Several of the leading war critics, including France, Germany and Russia, are among the country’s biggest creditors whose help Washington needs if it is to reduce Iraq’s $127 billion foreign debt.
“As for the Russian government’s position on this, it is not planning any kind of a write-off of that debt. Iraq is not a poor country,” Russian Defense Minister Sergei Ivanov said at a Thursday news conference, according to the Moscow Times. “When the Soviet Union fell apart, did anyone write off Russian debt?”
In a memo released by the Pentagon earlier this week, U.S. officials said $18.6 billion in U.S.-funded contracts to rebuild Iraq’s infrastructure are available only to companies from the United States, Iraq, coalition partners and force contributing nations.
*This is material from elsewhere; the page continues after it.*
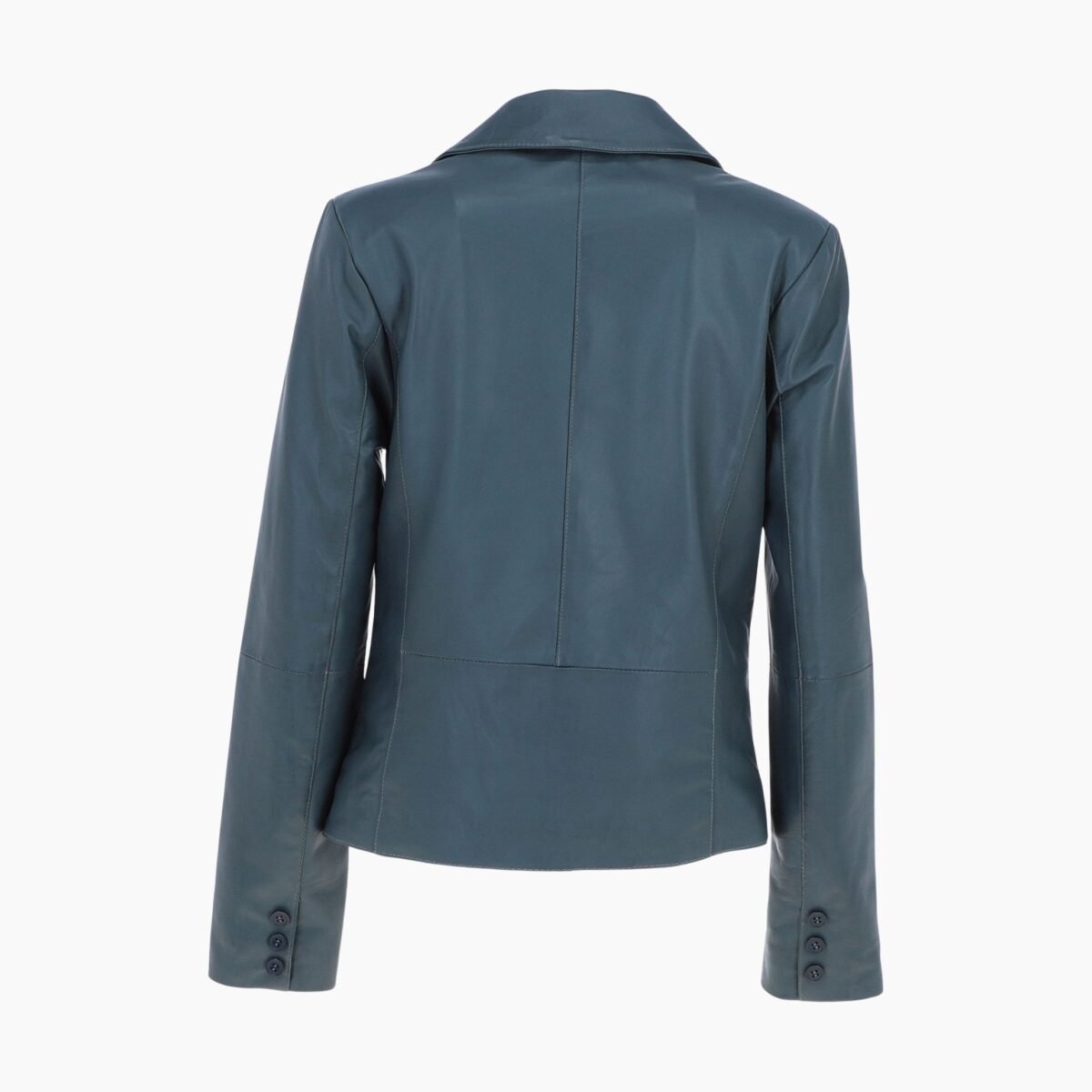 Womens Two Button Leather Blazer Gray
The memo, signed by Deputy Defense Secretary Paul Wolfowitz, said the policy was in the “essential security interests of the U.S.”
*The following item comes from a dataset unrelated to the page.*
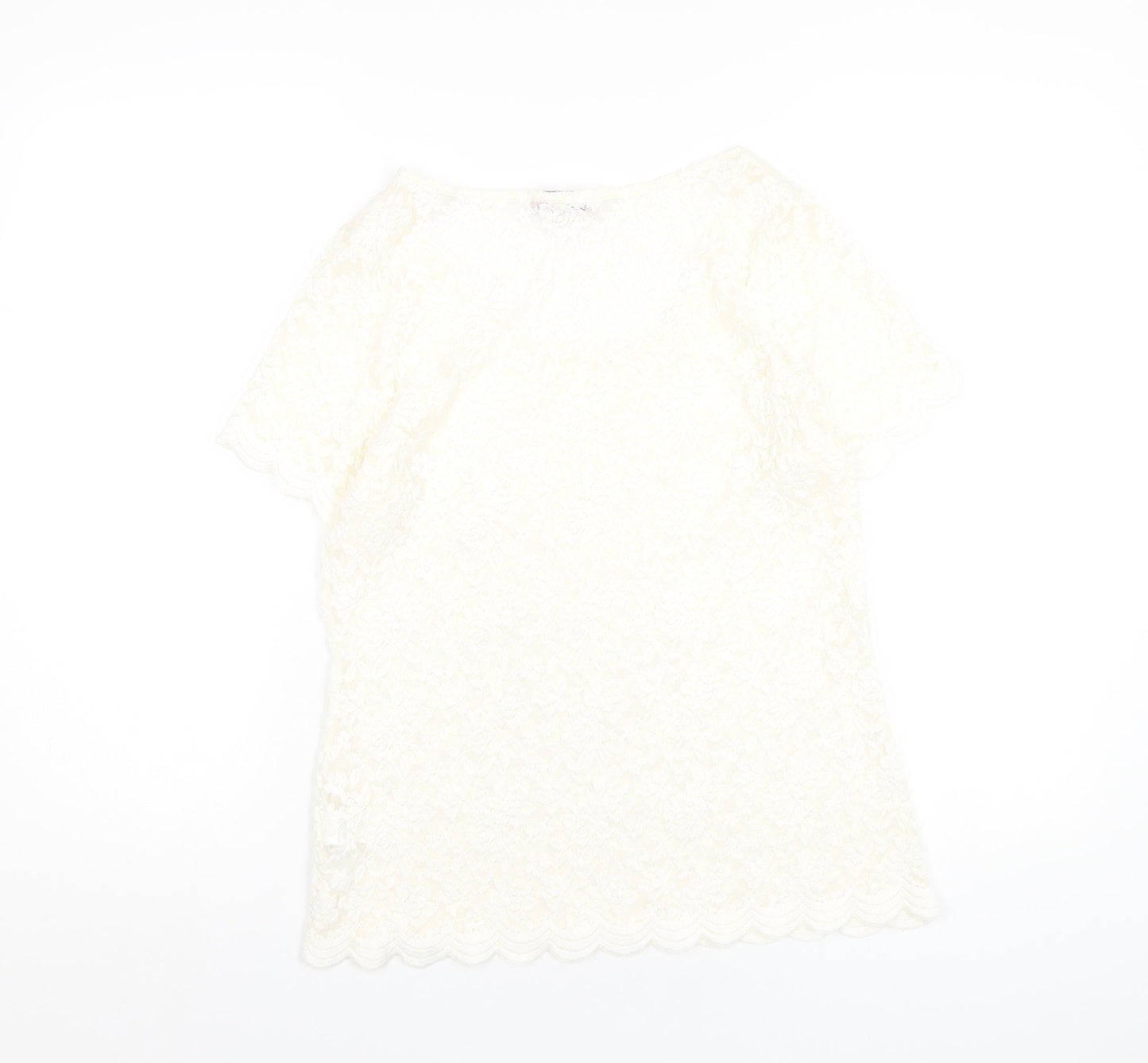 Womens UK Size 12 Per Una Ivory Basic T-Shirt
The European Union said it would investigate the validity of the U.S. decision and whether the restrictions violate World Trade Organization rules.
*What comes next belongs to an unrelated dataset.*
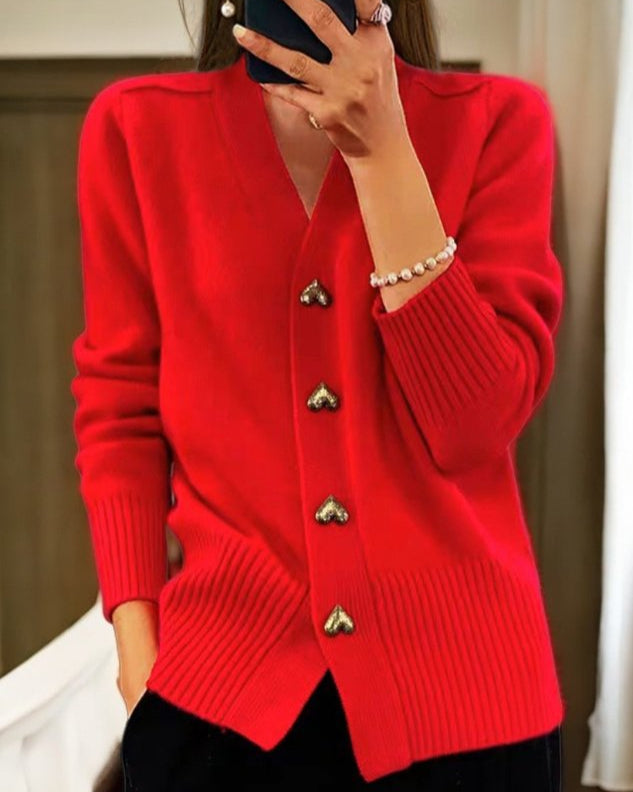 Dames Elegant Vest Met Hartvormige Knopen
“My reaction is that certainly it doesn’t help harmonize our relations especially,” said Romano Prodi, president of the European Commission.
U.N. Secretary-General Kofi Annan called the decision “unfortunate” and “not unifying” at a time when diplomats were trying to rebuild international cooperation on the issue of Iraq.
The decision produced a sharp exchange between German Chancellor Gerhard Schroeder and President Bush.
“International law has to be applied and restrictions are not helpful on the issue,” Schroeder said Thursday to which President Bush retorted to reporters in Washington, “International law? I better call my lawyer.”
A German government spokesman played down the remarks, saying “one should not dramatize” the debate over the Iraq contracts and pointed to an upcoming diplomatic trip by former U.S. Secretary of State James Baker that includes a stop in Berlin and a meeting with Schroeder.
“No decisions have been made yet and we should wait to see what the results are of the meetings with James Baker,” said German government spokesman Thomas Steg.
The White House is sending presidential envoy Baker, a Bush family friend, to France, Germany, Italy, Russia and Britain next week to discuss Iraq’s debt and how some of it might be relieved or restructured.
“I asked [French] President Chirac and Chancellor Schroeder and [Russian] President Putin to see Jim Baker to talk about debt restructuring. If these countries want to participate…in helping the world become more secure, by enabling Iraq to emerge as a free and peaceful country, one way to contribute is through debt restructuring,” President Bush told reporters Thursday.
Prime Minister Tony Blair of Britain, a steadfast U.S. ally which stands to benefit from Iraqi contracts, defended President Bush’s decision.
“It’s for the Americans to decide how they spend their money. This is American money,” Blair told reporters.
Meanwhile, mortars pounded the heavily fortified headquarters of the U.S.-led coalition in the so-called Green Zone of downtown Baghdad early Friday.
“There were four points of impact within the Green Zone,” a U.S. military spokeswoman said. “Two coalition force members were slightly wounded from flying debris, but the injuries are not life-threatening.”
It was the first attack on the headquarters, which is surrounded by concrete walls, since mid-November when guerrillas fired on the area on several consecutive nights. It was also the first assault on the complex since U.S. forces launched a major counteroffensive against insurgents last month.
A bomb also exploded on the outskirts of the southern city of Mahaweel, some 50 miles southeast of Baghdad, on Friday wounding two Polish soldiers on patrol in the area. A military spokesman said the soldiers’ injuries were not life threatening and that the attack was under investigation, according to wire reports.